Richard Dalidowicz: There’s been examples in Australian equities of managers I know really well who have run 25 stocks where 23 stocks have done really well, but the two or three that didn’t have just blown them out of the water.
Tim Dunbar: So what’s driving the interest in concentrated portfolios? One is the desire for alpha, so the belief that these particular managers know what they’re doing, and their investment process can out perform the benchmark, right? And for multimanagers, it’s putting those different managers together in a way that makes sense from an overriding asset allocation perspective.

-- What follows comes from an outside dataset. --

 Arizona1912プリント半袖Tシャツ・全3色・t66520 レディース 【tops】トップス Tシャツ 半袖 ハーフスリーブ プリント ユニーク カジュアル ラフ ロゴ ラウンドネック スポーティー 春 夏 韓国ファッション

Michael Bailey: I’d like to ask the portfolio constructors here whether they’ve gone through a similar exercise to what Principal’s done in the paper you received by their global CIO, Mustafa Sagun. They compared a global equity portfolio comprised of eight of their products – the full range from US core, growth, value and small cap to the same in international – to a global equity portfolio consisting of their Global Core fund alone. And they found the Global Core provided about half the coverage ratio – so more active – for about 25 per cent less fees. Richard, I know AustralianSuper has about 15 international equity managers – dare I say it, have you ever compared that portfolio on an after-tax, after-fees basis to, say, a single enhanced passive manager?
Richard Dalidowicz: Of course. We’re aware that the risks we take can actually be offsetting. But we focus more on juicing up the return, not the risk aspects. The risk is just a backward looking thing. You know, it’s an indicator, sure. It gives you an idea about whether managers are true to label. But the challenge is to look forward. The question I’d like to ask is that in today’s narrow market environment, there’s only two sectors that are doing really well – materials and energy. And in this environment do you guys think, on average say, a concentrated manager would perform better than a broad manager. Say one holding 30 stocks versus 200?
Laurence Irlicht: Any manager that happens to have been holding materials and energy, regardless of whether they’re concentrated or not, they’re going to have been doing well. And if they happen to be holding financials and property trusts – not so well recently.